I'm currently separated from my wife due to my addiction of alcohol and infidelity x2 and many other things all a result of my addiction to alcohol. I have currently been sober for 4 months and just completed rehab on the 21st of this month and now I'm going to marriage/family/IC by myself. Just wondering if you could tell me what role if any did the alcohol play apart in my infidelity or does it play apart in it and how is the proper way to approach wife about going to or checking out Al-Non when we are currently not speaking unless it's me calling to speak with the kids or her asking me to help with school clothes or us doing a joint birthday gift for one of the kids(I agree to do this even though I'm paying child support) I honestly belive and know if it wasn't for the alcohol the infidelity would of never happen as I used both occassions as an enable to feed my addiction to alcohol....one for the money to get the alcohol and the other was a bartender so it was all the alcohol I wanted.....please help really love my wife and want my family back or is it two late for that?


----------



## Cherry (Sep 23, 2009)

REMY001 said:


> I've spoken to him about it, but he's very spiteful and when I notice that he's on his 3rd of 4th scotch and coke, I diplomatically tell him that maybe he's had enough. He doesn't like to hear this and deliberately in front of me goes and pours another one!

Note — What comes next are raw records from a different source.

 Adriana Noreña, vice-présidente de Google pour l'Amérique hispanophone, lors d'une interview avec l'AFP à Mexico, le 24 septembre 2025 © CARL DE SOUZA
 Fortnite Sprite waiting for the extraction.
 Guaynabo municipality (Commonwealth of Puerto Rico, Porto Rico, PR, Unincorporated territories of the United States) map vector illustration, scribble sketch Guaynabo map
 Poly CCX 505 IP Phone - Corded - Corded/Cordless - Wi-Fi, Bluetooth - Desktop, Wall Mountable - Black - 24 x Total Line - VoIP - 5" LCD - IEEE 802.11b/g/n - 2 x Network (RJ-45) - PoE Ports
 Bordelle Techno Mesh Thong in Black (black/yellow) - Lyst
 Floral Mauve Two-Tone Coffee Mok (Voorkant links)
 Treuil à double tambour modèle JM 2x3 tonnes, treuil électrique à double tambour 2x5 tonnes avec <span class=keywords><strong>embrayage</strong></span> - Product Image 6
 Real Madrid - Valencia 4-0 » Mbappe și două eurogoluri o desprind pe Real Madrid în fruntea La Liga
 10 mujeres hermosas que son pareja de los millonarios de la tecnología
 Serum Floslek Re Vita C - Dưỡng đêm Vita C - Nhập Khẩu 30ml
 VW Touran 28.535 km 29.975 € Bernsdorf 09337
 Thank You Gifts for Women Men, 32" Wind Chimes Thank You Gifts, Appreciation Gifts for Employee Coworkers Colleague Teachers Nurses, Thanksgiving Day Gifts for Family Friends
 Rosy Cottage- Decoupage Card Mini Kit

You really shouldn't do this.. as you have found out it will only produce the opposite result of what you want with a drinker. I could not stand it when someone would sit there and count my drinks... I would drink faster and more 

You should educate yourself some on addiction if you want to try and work through this. Kathy has some excellent advise. Also, if you google alcoholism, there are a ton of resources to help alcoholics and their loved ones. 

One word of caution, there is no quick fix on addiction and unless the addict is ready to get sober or is in jail or dead, they won't stop..  my dad does what your H does... He's always been the happy go lucky drunk, but he is deteriorating, use to be I could have a decent conversation about something with him at any time... Now I gotta catch him before dark, he's also getting clumsier and accidently hurting himself (falls). I don't think he'll ever stop, and its sad.. And for his wife of over 25 years, I can only imagine her pain. 

Good luck!


----------



## alte Dame (Aug 7, 2012)

MyWifeandKids said:


> I'm currently separated from my wife due to my addiction of alcohol and infidelity x2 and many other things all a result of my addiction to alcohol. I have currently been sober for 4 months and just completed rehab on the 21st of this month and now I'm going to marriage/family/IC by myself. Just wondering if you could tell me what role if any did the alcohol play apart in my infidelity or does it play apart in it and how is the proper way to approach wife about going to or checking out Al-Non when we are currently not speaking unless it's me calling to speak with the kids or her asking me to help with school clothes or us doing a joint birthday gift for one of the kids(I agree to do this even though I'm paying child support) I honestly belive and know if it wasn't for the alcohol the infidelity would of never happen as I used both occassions as an enable to feed my addiction to alcohol....one for the money to get the alcohol and the other was a bartender so it was all the alcohol I wanted.....please help really love my wife and want my family back or is it two late for that?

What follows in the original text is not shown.